Note: this medical device record is a supplement. The device description may have changed. Be sure to look at the original PMA to get an up-to-date view of this device.

• Trade Name: MEDTRONIC MINIMED CONTINUOUS GLUCOSE MONITORING SYSTEM, SOF-SENSORS ON PHILLIPS BASE MODELS MMT-7002, MMT-7003
• Classification Name: sensor, glucose, invasive
• Applicant: MEDTRONIC MINIMED, INC.
• PMA Number: P980022
• Supplement Number: S048
• Date Received: 02/27/2009
• Decision Date: 04/09/2009
• Product Code: MDS [ Registered Establishments with MDS ]

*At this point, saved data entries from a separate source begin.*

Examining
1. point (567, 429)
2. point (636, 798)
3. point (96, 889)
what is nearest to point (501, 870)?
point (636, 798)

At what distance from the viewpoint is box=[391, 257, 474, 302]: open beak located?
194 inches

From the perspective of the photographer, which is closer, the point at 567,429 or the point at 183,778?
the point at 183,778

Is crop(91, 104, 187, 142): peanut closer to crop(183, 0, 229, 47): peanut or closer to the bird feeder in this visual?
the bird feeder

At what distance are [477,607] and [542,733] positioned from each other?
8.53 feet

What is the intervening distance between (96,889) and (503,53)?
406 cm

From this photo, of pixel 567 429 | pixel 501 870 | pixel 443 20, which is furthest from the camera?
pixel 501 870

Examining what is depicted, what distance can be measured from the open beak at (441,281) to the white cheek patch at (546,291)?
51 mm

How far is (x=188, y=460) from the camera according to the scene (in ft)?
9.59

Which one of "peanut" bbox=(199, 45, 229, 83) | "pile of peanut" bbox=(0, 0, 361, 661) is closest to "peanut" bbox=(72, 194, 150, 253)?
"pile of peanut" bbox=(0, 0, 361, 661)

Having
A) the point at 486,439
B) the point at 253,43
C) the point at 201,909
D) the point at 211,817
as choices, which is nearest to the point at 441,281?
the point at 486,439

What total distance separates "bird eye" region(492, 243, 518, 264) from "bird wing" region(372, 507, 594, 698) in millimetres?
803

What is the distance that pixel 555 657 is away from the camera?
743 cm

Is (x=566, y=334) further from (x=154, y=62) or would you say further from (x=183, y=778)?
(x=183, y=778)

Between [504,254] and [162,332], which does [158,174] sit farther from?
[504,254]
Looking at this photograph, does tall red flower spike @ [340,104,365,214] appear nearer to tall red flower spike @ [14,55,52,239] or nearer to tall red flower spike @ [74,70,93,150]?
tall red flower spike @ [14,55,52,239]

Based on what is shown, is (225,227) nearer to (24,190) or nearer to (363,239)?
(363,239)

• Advisory Committee: Clinical Chemistry
• Supplement Type: real-time process
• Supplement Reason: design change - minor
• Expedited Review Granted?: No
• Combination Product: No

Approval Order Statement 
Approval for design changes to the mmt-7002 and mmt-7003 glucose sensors models and a new supplier qualification. The design changes included an increase of the needle tunnel height and base from 0. 034" to 0. 036" and 0. 030" and 0. 031", respectively. These changes were intended to reduce the probability of a user having difficulty with removing the needle after sensor insertion. Further, the connector ledge of the senor base was increased from 0. 007" to 0. 011" to reduce relative rotational motion between the sensor base connector and gst transmitter. Phillips plastics was also qualified as a new supplier for the glucose sensor bases in this supplement. The qualification included modifications including modifications to the needle guard core pin, a manufacturing tooling device. This device is intended to continuously record interstitial glucose levels in persons with diabetes mellitus. This information is intended to supplement, not replace, blood glucose information obtained using a standard home glucose-monitoring devices. This information may allow identification of patterns of glucose level excursions above or below the desired range, facilitating therapy adjustments which may minimize these excursions.